- **Task statement**: An exact repetition of the data is required; no picture should appear in it.

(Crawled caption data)
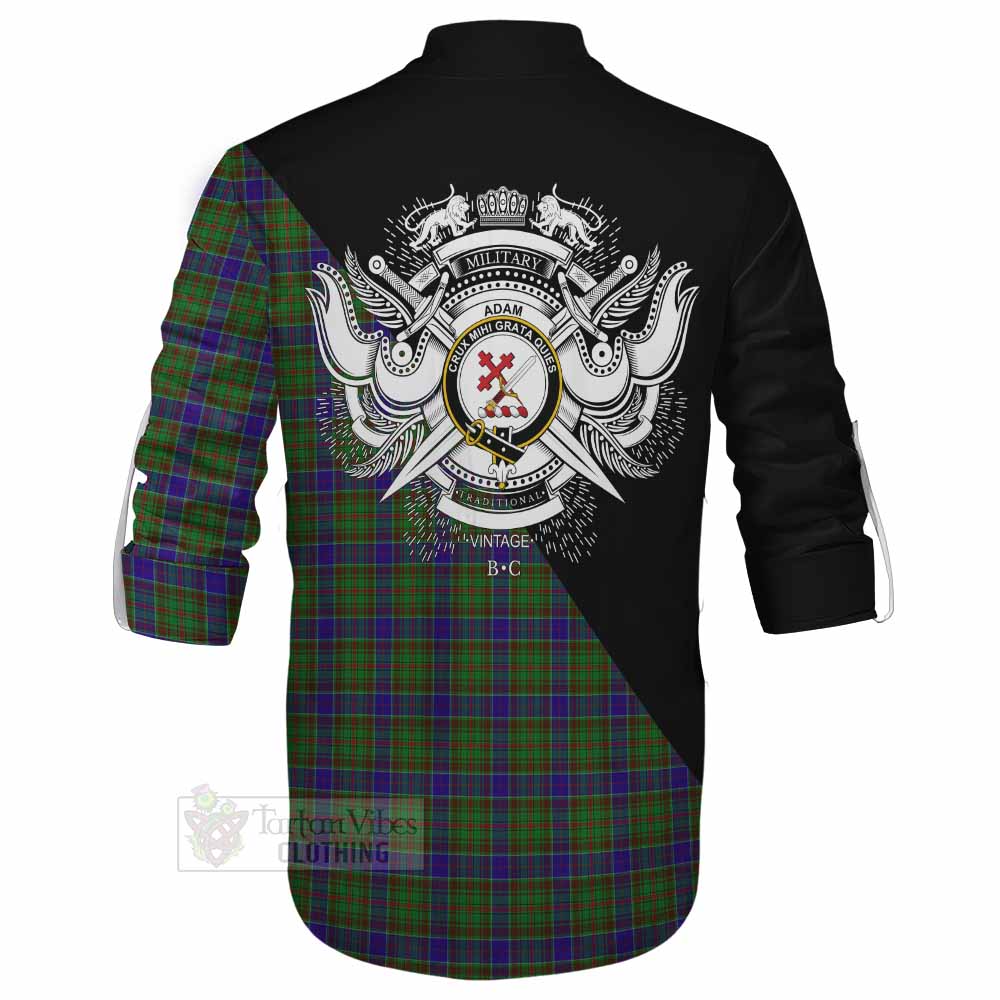 Tartan Vibes Clothing Adam Tartan Ghillie Kilt Shirt with Family Crest and Military Logo Style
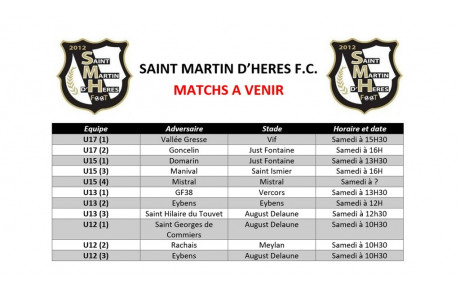 ⚪⚫ Programme du week-end des 17 et 18 Décembre
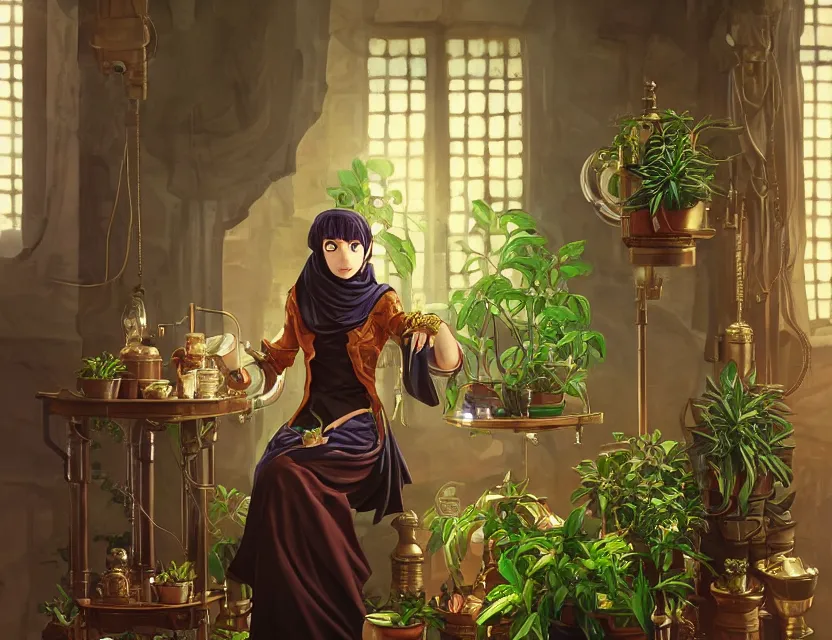 Image similar to middle eastern scifi alchemist in a well lit study with potted plants, wearing a lovely dress with steampunk details. this oil painting by the award - winning mangaka has an interesting color scheme and impeccable lighting.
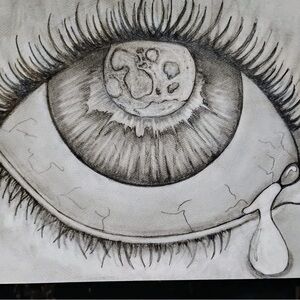 Surreal Black and White Eye Illustration
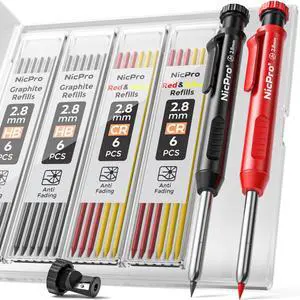 Nicpro Carpenter Pencils Mechanical Pencil with Sharpener for Construction Nicpro Carpenter Pencils Mechanical Pencil with Sharpener for Construction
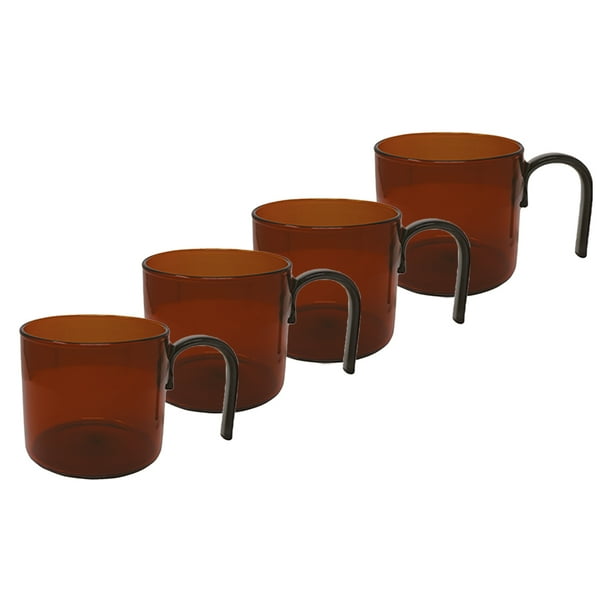 Set de 4 Tazas de Cristal Ámbar 150 ML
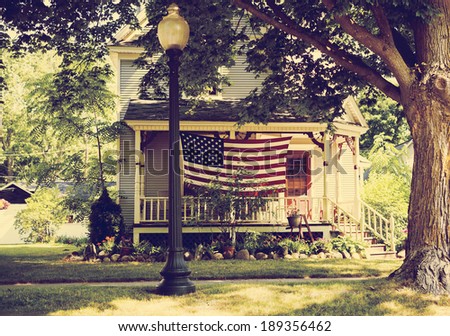 American Home with us flag for 4 of july  Royalty-Free Stock Photo #189356462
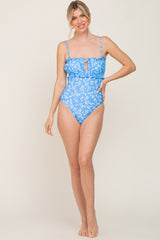 Blue Leaf Print Ruffle Trim One Piece Swimsuit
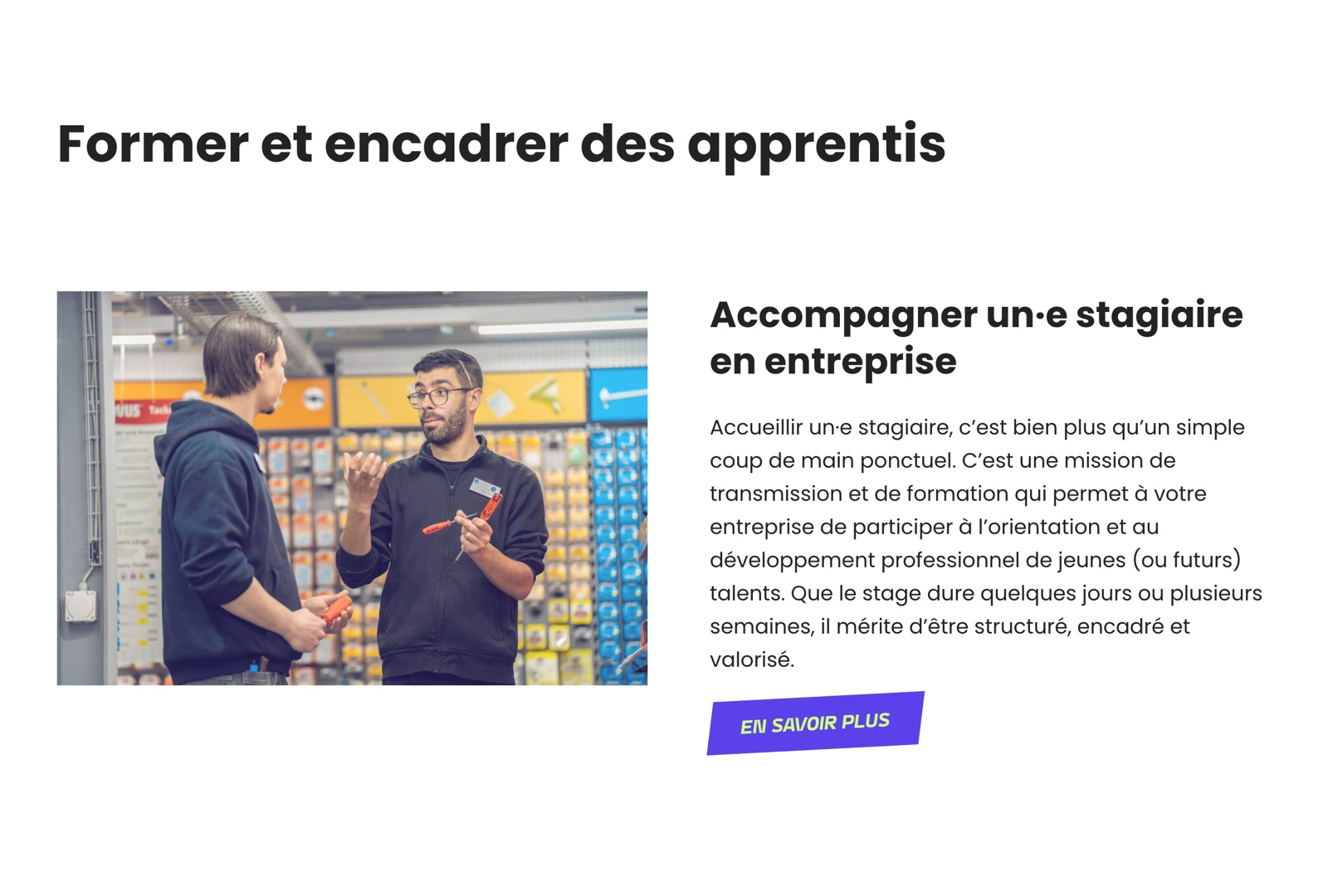 Vue desktop d'une partie du site internet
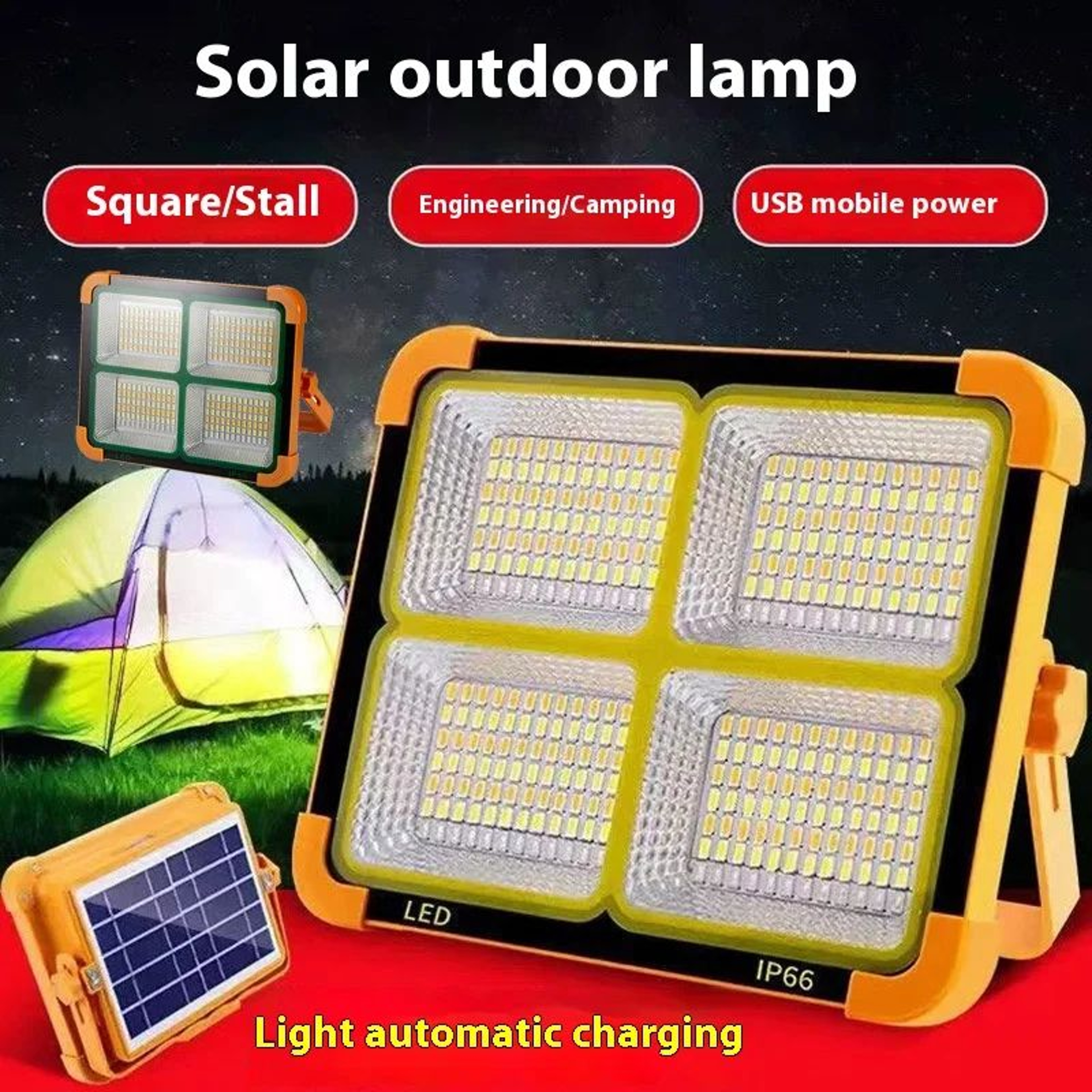 Magnetic Solar Rechargeable LED Camping Lantern With Power Bank 2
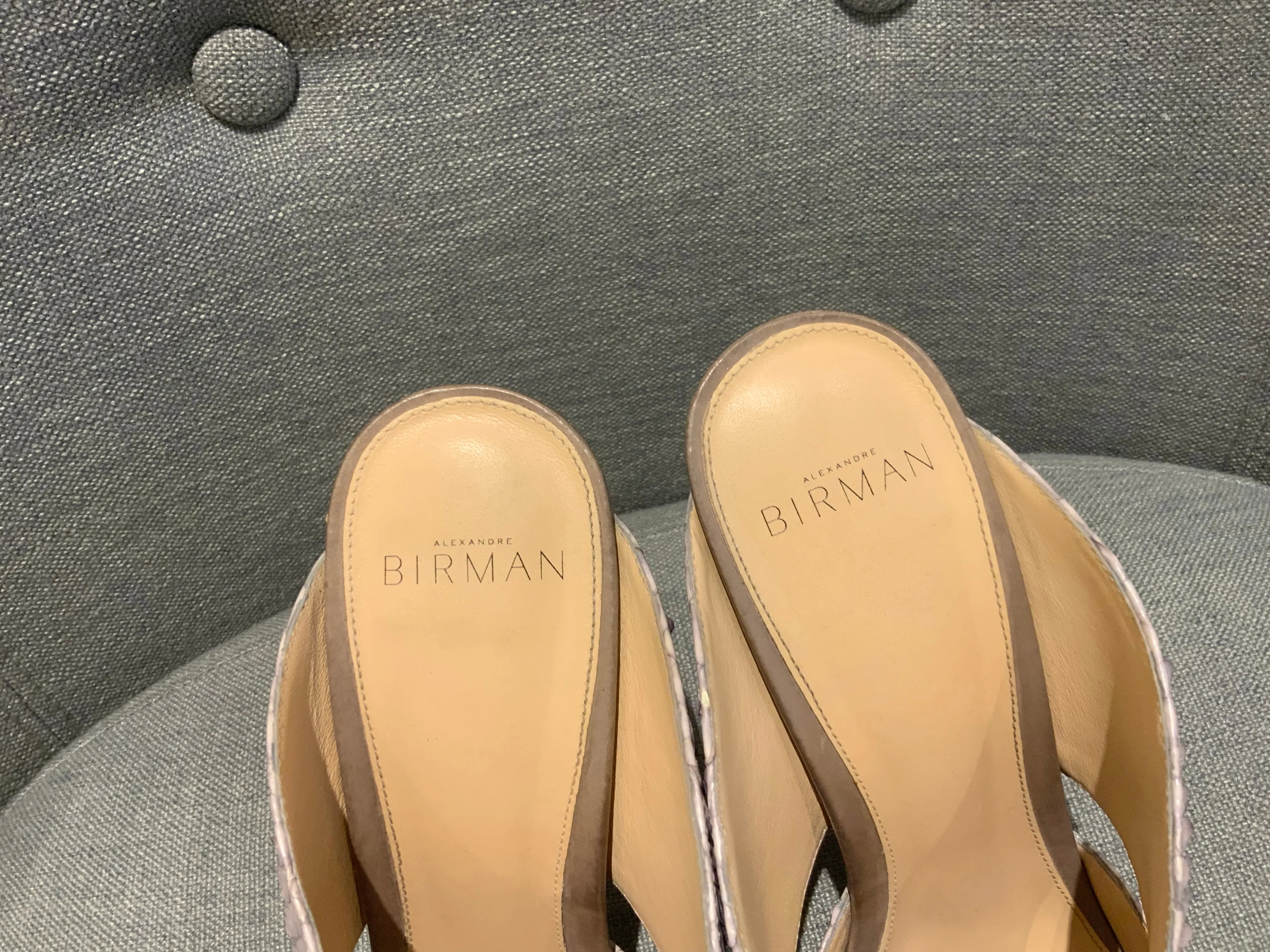ALEXANDER BIRMAN Snakeskin Python Mules Heels Size 39 UK 6 US 9 ladies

- **Solution for this problem**:
 Tartan Vibes Clothing Adam Tartan Ghillie Kilt Shirt with Family Crest and Military Logo Style
 ⚪⚫ Programme du week-end des 17 et 18 Décembre
 Image similar to middle eastern scifi alchemist in a well lit study with potted plants, wearing a lovely dress with steampunk details. this oil painting by the award - winning mangaka has an interesting color scheme and impeccable lighting.
 Surreal Black and White Eye Illustration
 Nicpro Carpenter Pencils Mechanical Pencil with Sharpener for Construction Nicpro Carpenter Pencils Mechanical Pencil with Sharpener for Construction
 Set de 4 Tazas de Cristal Ámbar 150 ML
 American Home with us flag for 4 of july  Royalty-Free Stock Photo #189356462
 Blue Leaf Print Ruffle Trim One Piece Swimsuit
 Vue desktop d'une partie du site internet
 Magnetic Solar Rechargeable LED Camping Lantern With Power Bank 2
ALEXANDER BIRMAN Snakeskin Python Mules Heels Size 39 UK 6 US 9 ladies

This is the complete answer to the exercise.